So here’s my advice on how to get through it, whether you’re single (and don’t want to be) or attached (and ridiculously disappointed by the person who “forgot” to bring you chocolates this afternoon). I spent many years in BOTH categories and devised a three-step plan for making it through this day as unscathed as possible. So go ahead and grab a pen and a piece of paper because you are about to do some pretty heavy-duty self-coaching work.
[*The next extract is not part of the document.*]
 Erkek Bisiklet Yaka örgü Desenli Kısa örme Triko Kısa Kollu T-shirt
Step One: Face your lizard.

On days like these, when you are at your most emotionally vulnerable, lizards like to attack. Big-time. Blanche used to tell me all sorts of mean things on Valentine’s Day. When I was single, she would tell me that no one was ever going to love me and then point out all of my (according to her) grossly huge imperfections. When I was in a bad relationship (and there have been quite a few), she would try to convince me that my disappointment was unwarranted because I shouldn’t expect much from members of the opposite sex. Whatever Blanche said, it made me feel like shit. I would listen to her for hours, wallowing in misery. Then I learned a strategy. Every time Blanche would say something hurtful, I would write it down. This simple step was the beginning of me learning to detach from Blanche.
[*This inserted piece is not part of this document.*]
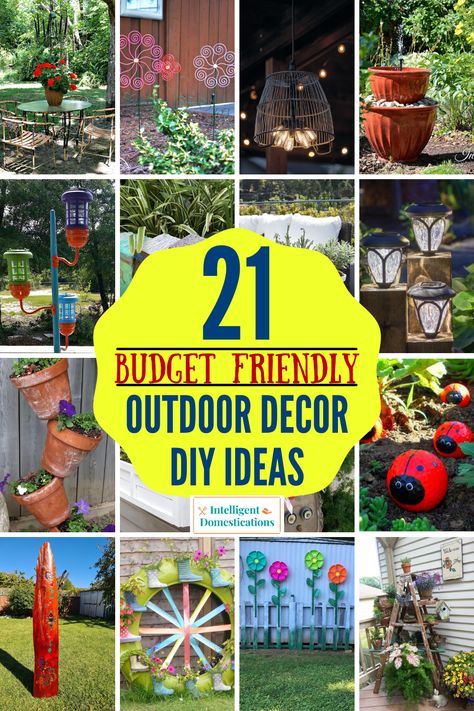 DIY outdoor decorating ideas Couture, Backyard Ideas Garden, Backyard Decoration Ideas, Backyard Decorating Ideas, Backyard Decor Diy, Diy Yard Decor, Outdoor Decorating Ideas, Backyard Decorating, Garden Crafts For Kids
Action Step: Divide your piece of paper into two columns. Label the column on the left “Lizard.” Label the column on the right “Truth.” Start listing all of the mean things YOUR lizard is saying to you, right now, under the lizard column.

Step Two: Face the Truth.

Now that you’ve got your Lizard’s List, just go ahead and look at it for a minute. Would you ever say any of these mean and hurtful things to ANYONE you cared about? Of course not. Don’t for a minute think that your lizard is on your side because it is not.
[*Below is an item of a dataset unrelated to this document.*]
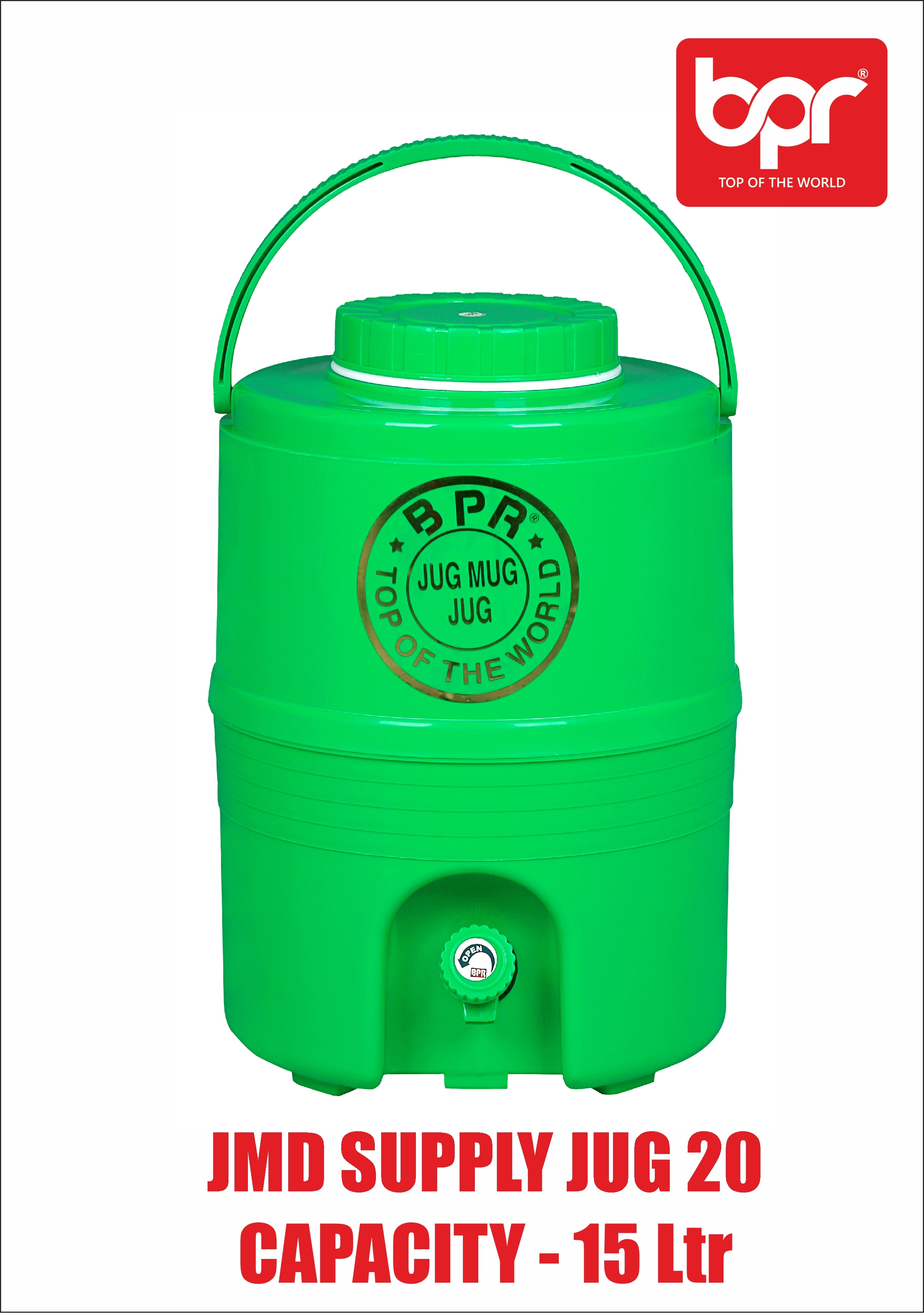 Water Supply Jug - Plastic, 15 Liter, Available In Red, Blue, Green, Orange, Grey | Insulated, Leakage-free, Durable With Easy Access Tap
What you are now going to do is to state an opposite and/or positive affirmation (the Truth) for each of your lizard’s nasty comments. For example, if your lizard told you that you were too old to ever find someone to be with (a common diatribe from my dear Blanche), a possible positive affirmation would be: I have enough time to find someone who is right for me. If your lizard is telling you NOT to break up with that loser you’ve been stuck with for years because you’ll end up alone, a possible affirmation would be: When I end an unhealthy relationship, I open up room in my life for a new and better relationship. Get it? I know this all sounds a little corny, a little Jack Handy, but trust me, it works.

Action Step: On the right hand column of your chart, next to EACH lizard blurt, state an opposite and/or positive affirmation (the Truth). Then read each affirmation out loud and feel the truth of it. This will feel very uncomfortable at first. Don’t be surprised if your lizard tries to jump in with some counterargument to your affirmation (remember, this is what lizards do). Just keep stating the affirmation and feeling the truth of each statement (even if it just feels like a little bit of truth at first).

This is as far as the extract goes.